Work item: Every line of the records below from the line with "GENERICO - Disfraz" up to and including the line with "Yoga on My Mind Graphic Tee" must be reproduced exactly, and no line outside that range.

Recorded data:
○ ○ ○
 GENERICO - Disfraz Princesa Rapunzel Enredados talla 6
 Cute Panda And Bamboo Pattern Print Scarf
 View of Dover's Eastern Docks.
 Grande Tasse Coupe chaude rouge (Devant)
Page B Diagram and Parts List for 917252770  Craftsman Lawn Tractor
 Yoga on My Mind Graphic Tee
○ ○ ○
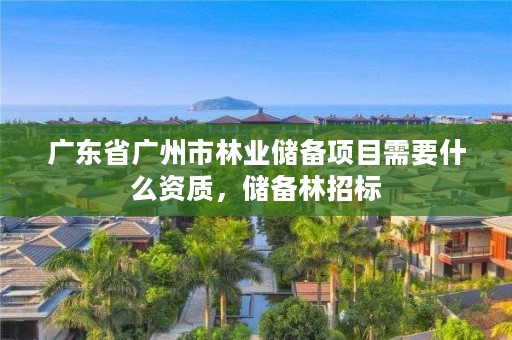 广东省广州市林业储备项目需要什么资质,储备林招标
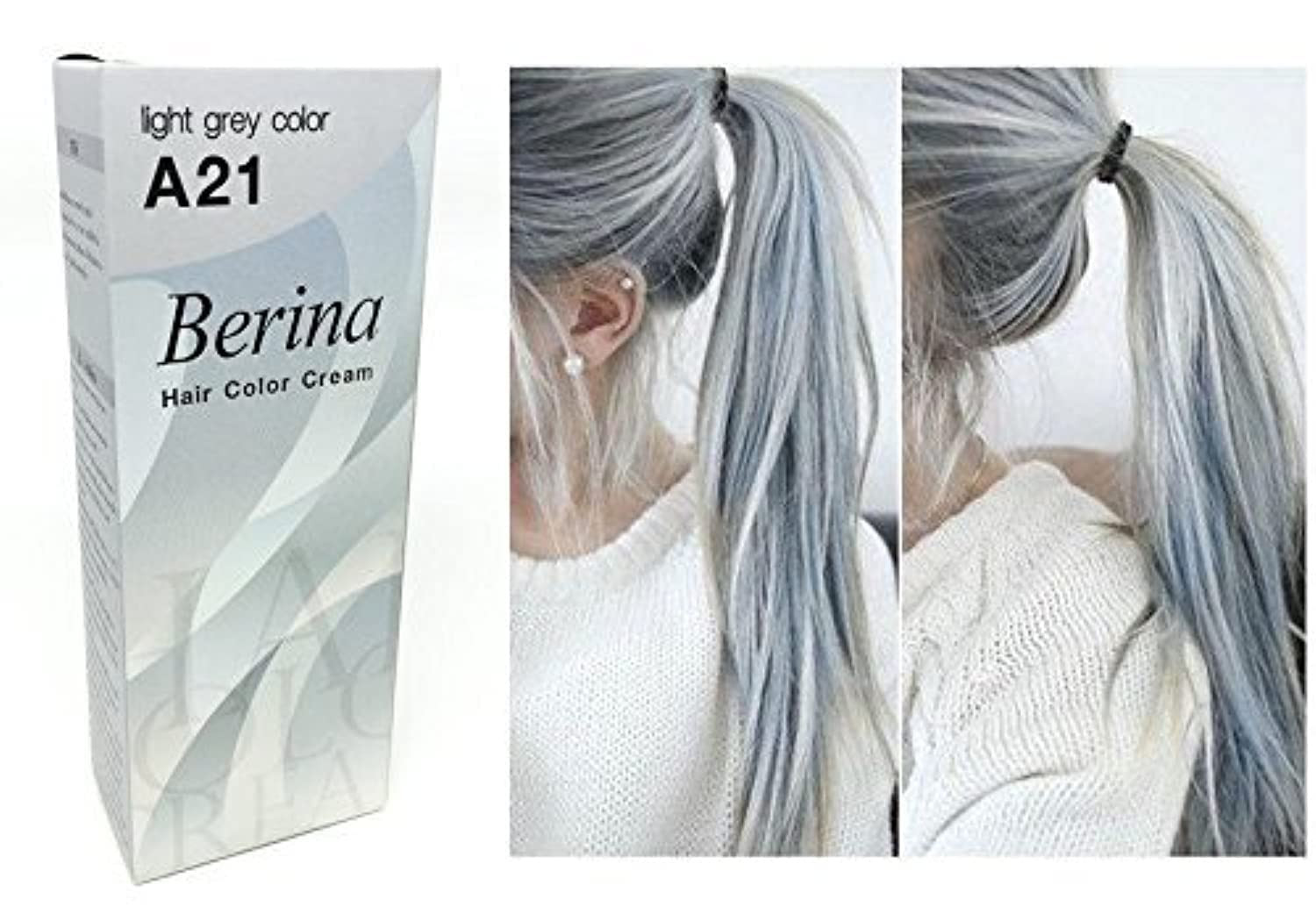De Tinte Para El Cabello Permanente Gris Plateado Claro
○ ○ ○
Reply:
 GENERICO - Disfraz Princesa Rapunzel Enredados talla 6
 Cute Panda And Bamboo Pattern Print Scarf
 View of Dover's Eastern Docks.
 Grande Tasse Coupe chaude rouge (Devant)
Page B Diagram and Parts List for 917252770  Craftsman Lawn Tractor
 Yoga on My Mind Graphic Tee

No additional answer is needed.